The reader ini386 compared the ease of use of iNMR with that of the Adobe reader. Such a comparison is impossible. Both products and their histories are under the eyes of every one. You should know them! Today I am trying to expose a few facts that are never been secret, they have been just ignored. In other words: nobody really cares about what I am going to write.
iNMR has arrived to version 3.1.1, with 3.1.3 ready to appear next week, through an incredible number of changes and upgrades. In the beginning, the process could be explained in two ways: either the preliminary versions were not satisfactory or the users were impossible to satisfy (does it make any difference?). Afterwards the process became a little different. Once you know that it's so easy to release a new version, it's impossible to stop. You are happy with the program not because it's perfect, but because you know that any defect you find can be eliminated.
While there is a single author, iNMR is the product of many minds. Two hands only; many minds. The clear separation of roles is a winning strategy. The users are in command: their desiderata are normally satisfied. The exception is when they ask another application or a companion application; these requests are difficult to satisfy. If, instead, they ask for a new functionality or a single modification, they are the kings. The user, however, don't the internal mechanism of the program and can't imagine them. It was relatively easy in the case of SwaN-MR, where the data structures were the same (in RAM, on disc and into the dialogs). It's impossible in the case of iNMR: the data structures (which contain the same data) changes at each level and there's a great work of translation under the surface. For this reason the user/king can't tell to the servant how to do his job.
When it's working time, the servant is the king. He can decide, for example, to spend a week to finish a job that could have been done in a couple of hours. The fun is in trying all the possible variations (and not having a deadline). Misunderstandings are frequent (and funny too): the user asks for a certain function, the programmer understands a different thing. Eventually both things are done (and remain; and the program grows...).
The opposite situation (democracy) is dull and stressing. In this case there are the meetings, boring and time-consuming, where there's always people who need to speak even when they have no (useful) idea to communicate. Often you can also encounter their historical enemies, and the psychodrama is on the show. Now, if you know that a new proposal for a change or for an experiment must be approved by a meeting of this kind, you'll be scared of proposing anything (and you'll never desire to experiment).
Don't get me wrong. I know very well that the concentration of resources (energies, capital, skills, everything) is the road to success. I am convinced that I go nowhere if I am alone. What's difficult (and probably never required) is to find an agreement between the coworkers. That's impossible while you are inventing something new. When a problem has already been studied very well, when several books have already been dedicated to the subject, then it becomes possible to work as a team.
Programming is becoming more and more similar to chemistry. When intermediate structures become important and popular, they are prepared commercially. Teams of programmers work together to create general-purpose libraries. Individual programmers can assemble the ready-made pieces to create the final applications. When the closest intermediate can't be found, we can still copy (recycle) the ideas, as we do in chemistry.

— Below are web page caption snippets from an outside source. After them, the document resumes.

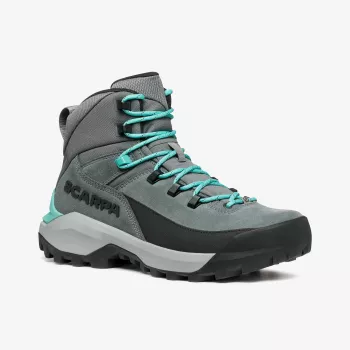 SCARPA Mustang TRK GTX ženske trekking cipele - Smoke/Ceramic - EU 39.5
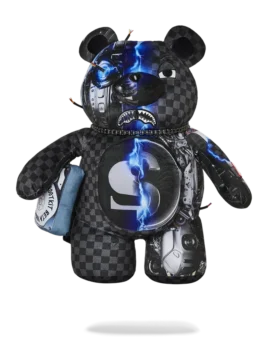 Mochila Moneybear CYBORG ROBOANDROID TERMINATOR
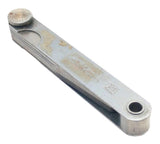 Brown & Sharpe 647 Thickness Feeler Gage .0015-.025" Range 26 Leaves 3" Length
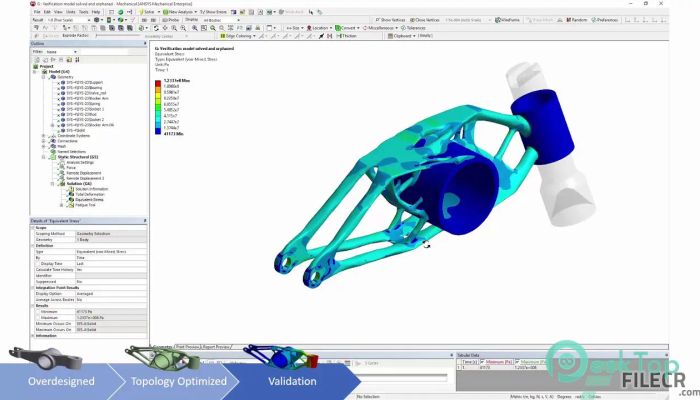 Download ANSYS Additive  2019 R2.2 Free Full Activated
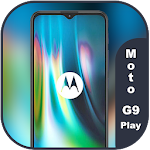 Cover Image of डाउनलोड Theme for Moto G9 play 1.0 APK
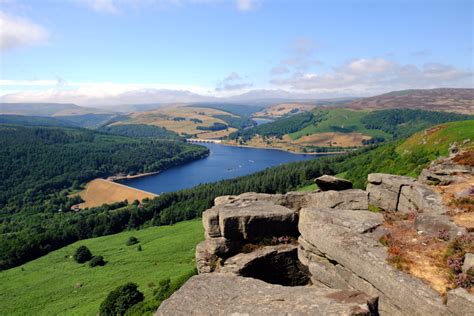 Derwent Edge and Ladybower – Sheffield Walkers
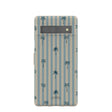 London Fog Tropical Stripes Google Pixel 7a Case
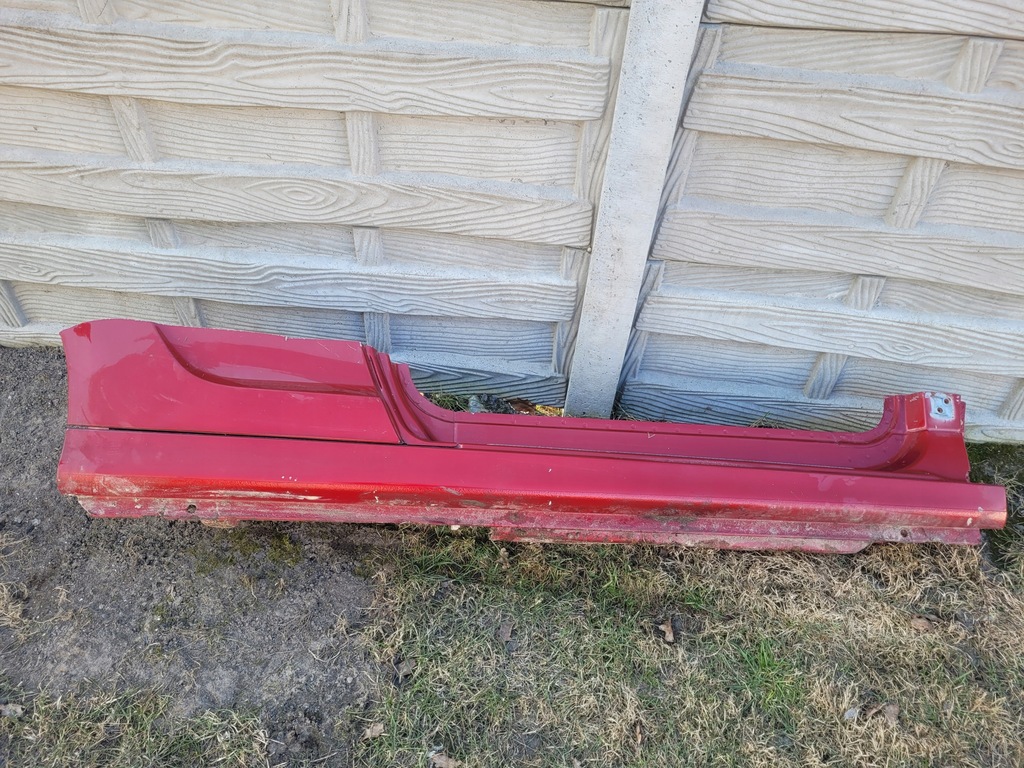 фото №1, Поріг блок двигуна правий peugeot 207 outdoor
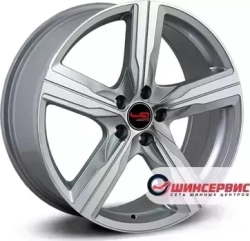 Диск автомобильный Legeartis Optima A122 19 / 8.0J 5x112.00 ET39.00 D66.60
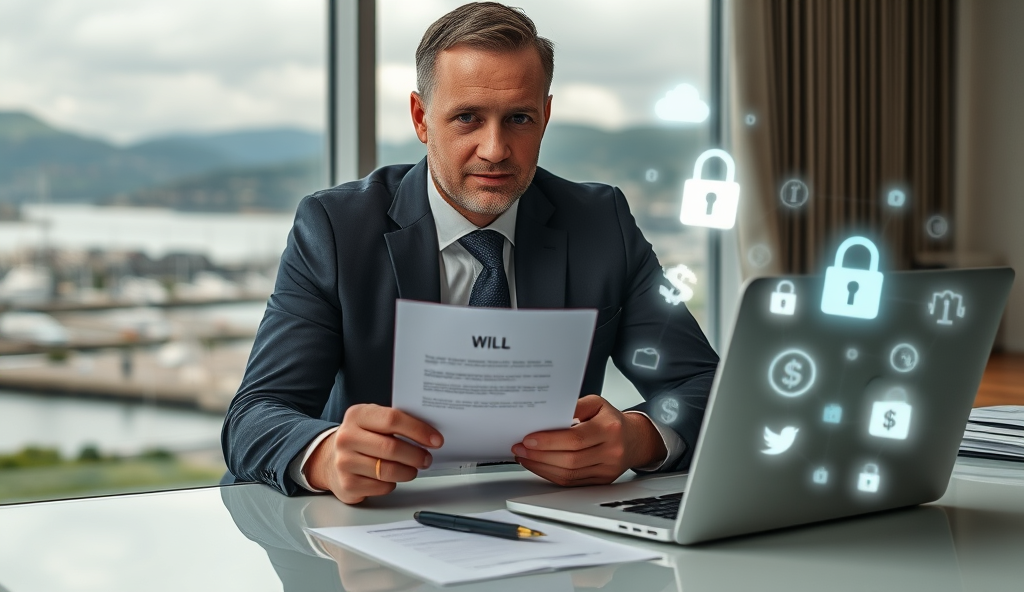 Featured Image for What digital estate planning changes mean for Bangor NI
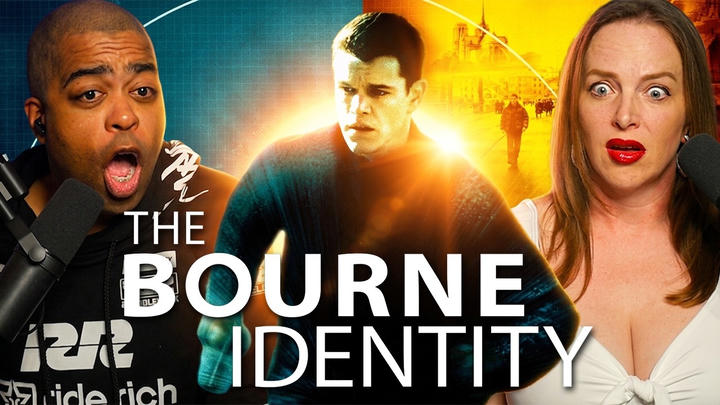 See Jane Go TV - The Bourne Identity (2002)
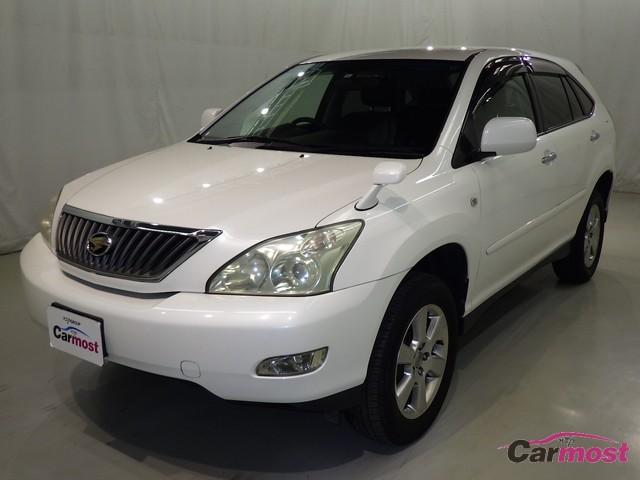 2008 Toyota Harrier CN 32623235 Sub1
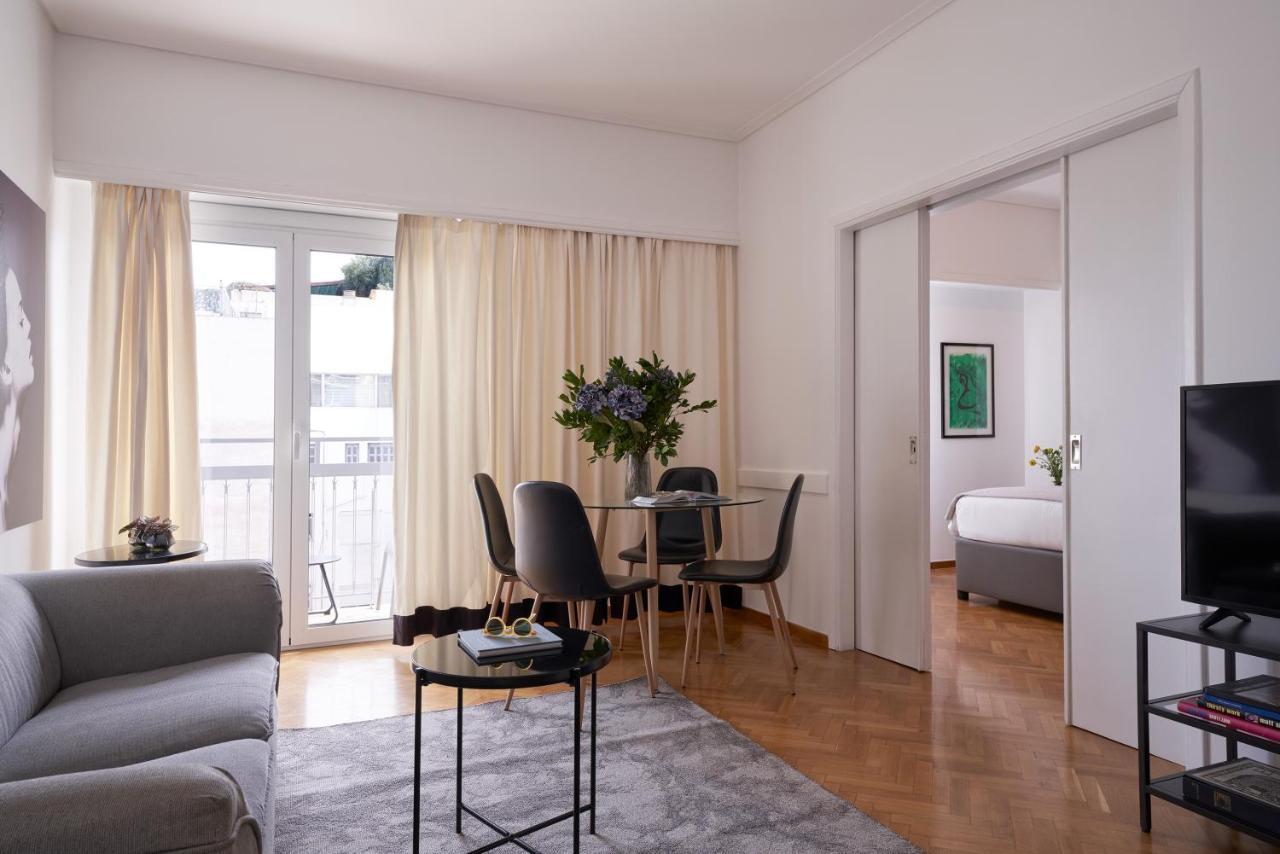 Parthenon Apartment Athens Luaran gambar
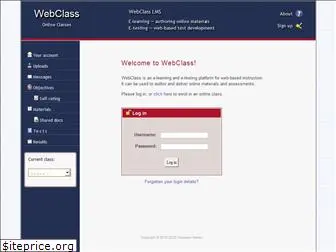 webclass.co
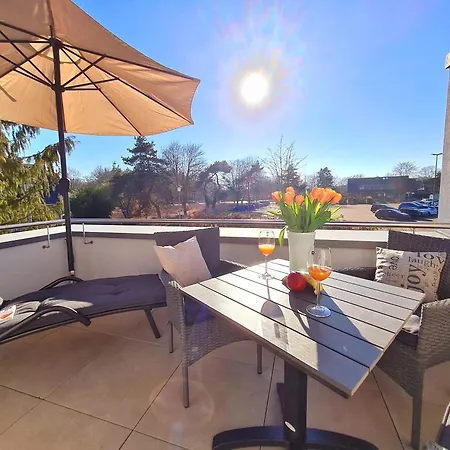 Kleine Auszeit Apartament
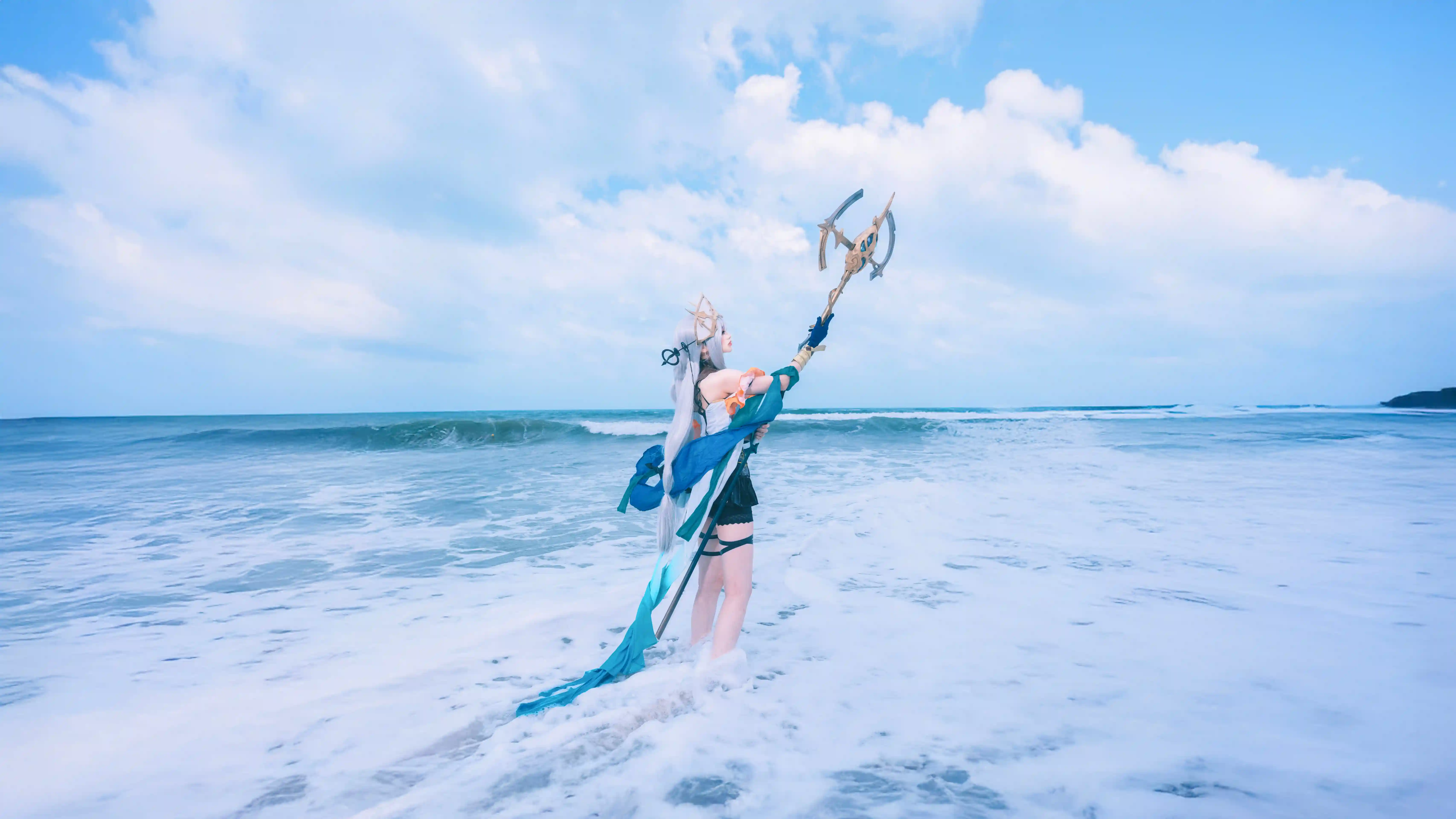 图片[1]-二次元COS分享[COSplay]随我走吧，随我回去我们永恒的故乡。-二次元COS分享次元吧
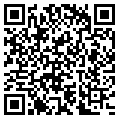以QR Code分享【轉知】有關臺灣新北地方法院115年第3次儲備約僱職務代 理人甄試簡章徵才、115年第4次儲備身心障礙約僱職務代 理人甄試簡章等訊息，請查照。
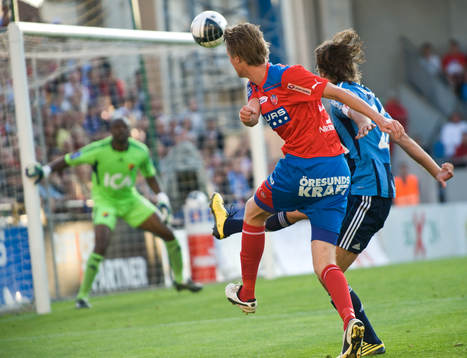 Rasmus Jönsson, Helsingborg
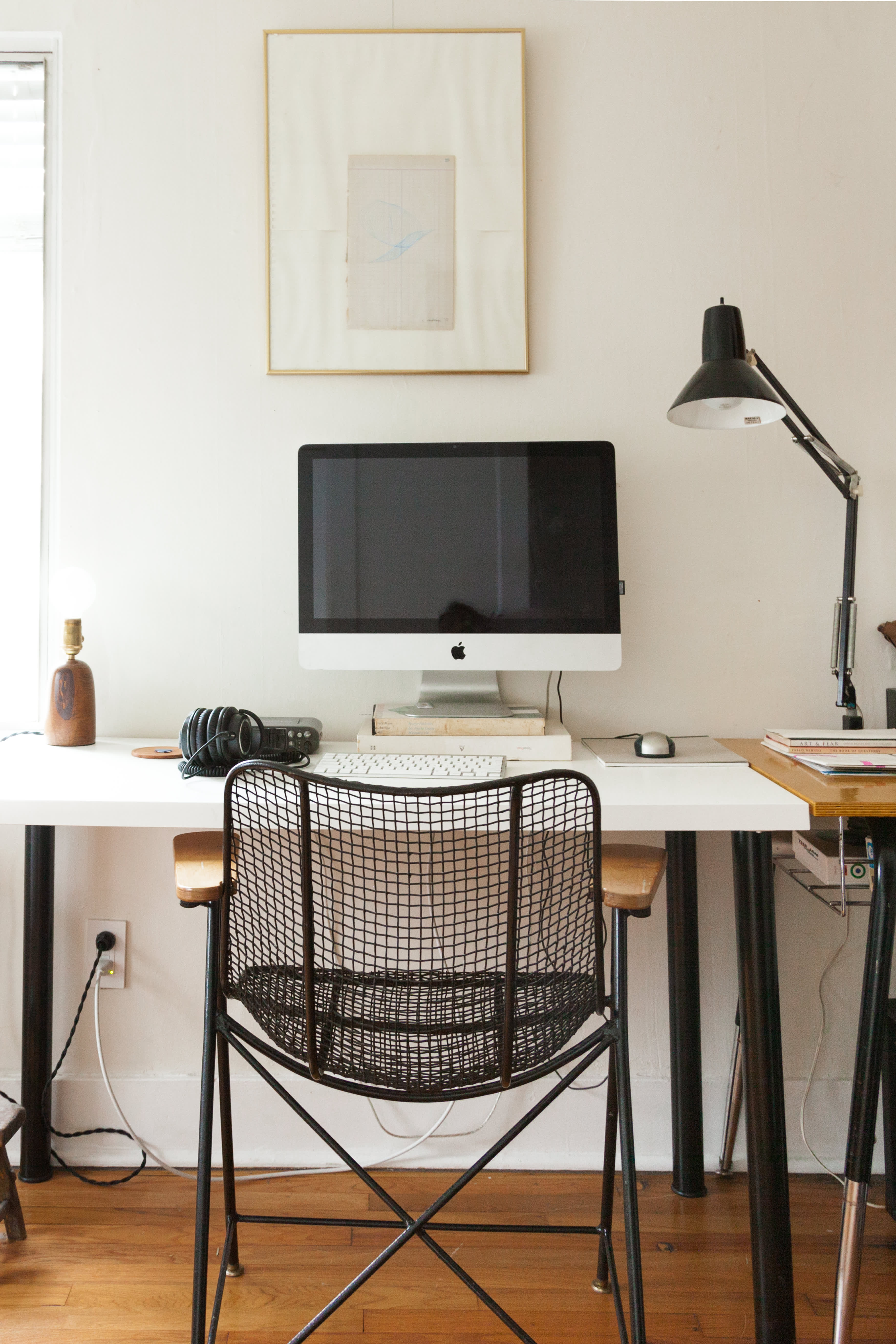 7 elegant cord management solutions to help tame tangles and tidy your  workspace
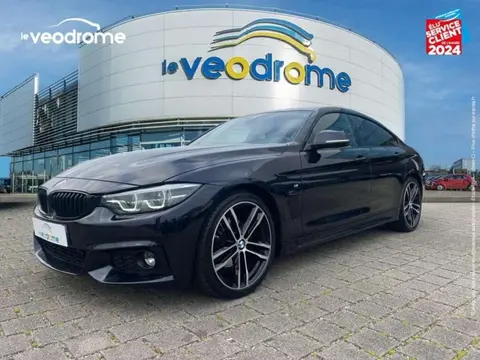 Annonce BMW SERIE 4 Diesel 2020 d'occasion 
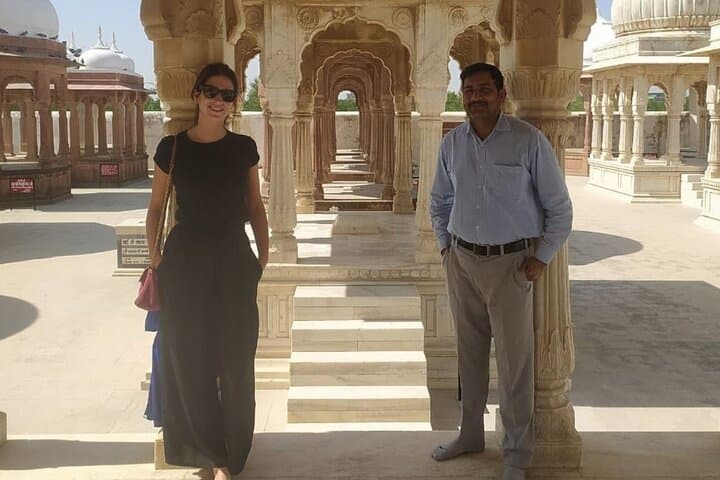 Same-Day Taj Mahal Private Driver Tour From Delhi to Agra photo 6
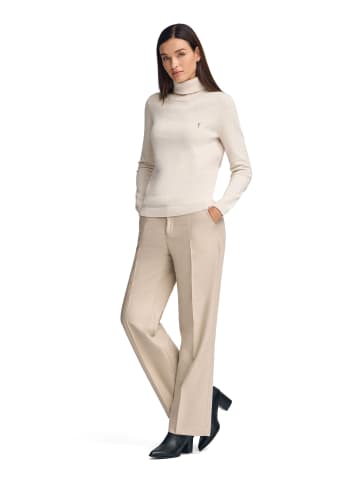 Polo Club Pullover in Kräftige Rohfarbe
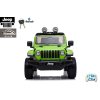 3932 4 jeep wrangler rubicon s 2 4g nahonem 4x4 lakovany zeleny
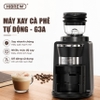 Máy xay hạt cà phê Espresso tự động, tích hợp 31 chế độ xay. Thương hiệu Mỹ cao cấp HiBREW - G3A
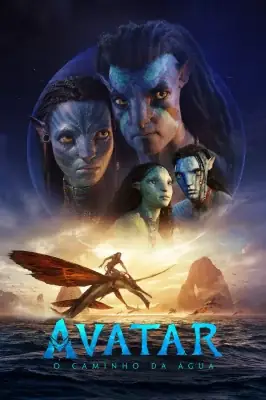 Avatar: O Caminho da Água izle
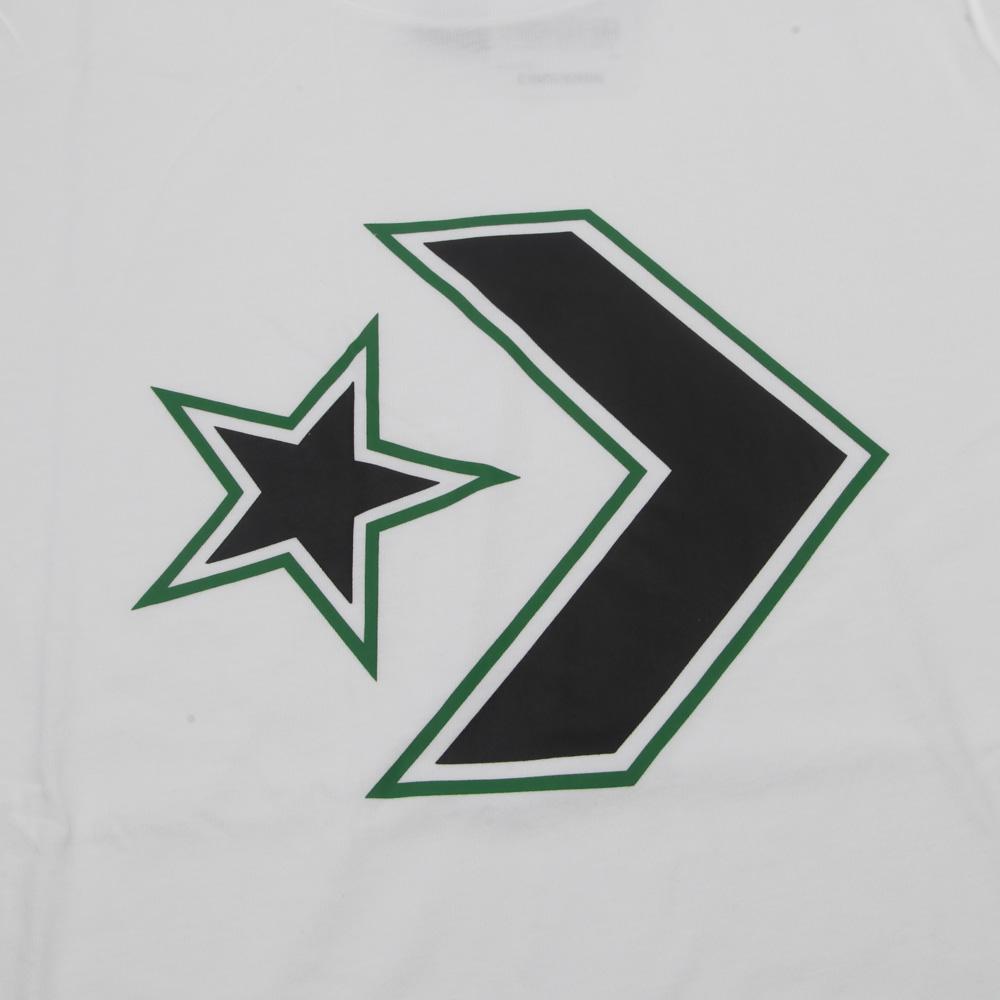 Converse CONST T Shirt Men's White 10008001-A01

I couldn't have written this post 20 years ago. I was a different man. I used to say to the users: "This is the program. Learn it." And they kept saying: "Have you ever though about adding...? Why don't you imitate that other program...?". We have kept saying the same things over and over until today (and tomorrow). What is changed is that now I pay more attention of what they say, while they understand more of what I am saying. In the past I was happy if I could change their minds. Today I am happy when they have changed mine. It's not a virtue, it's my beard that's becoming grey. When I had a whole life in front of me, I tried to make the world a better place where to spend this apparently unlimited existence. I tried to make people think just like me. Today I enjoy to learn new things, to embrace new ideas. It's not as having another chance in life, it doesn't even come close, but it has a flavor of it.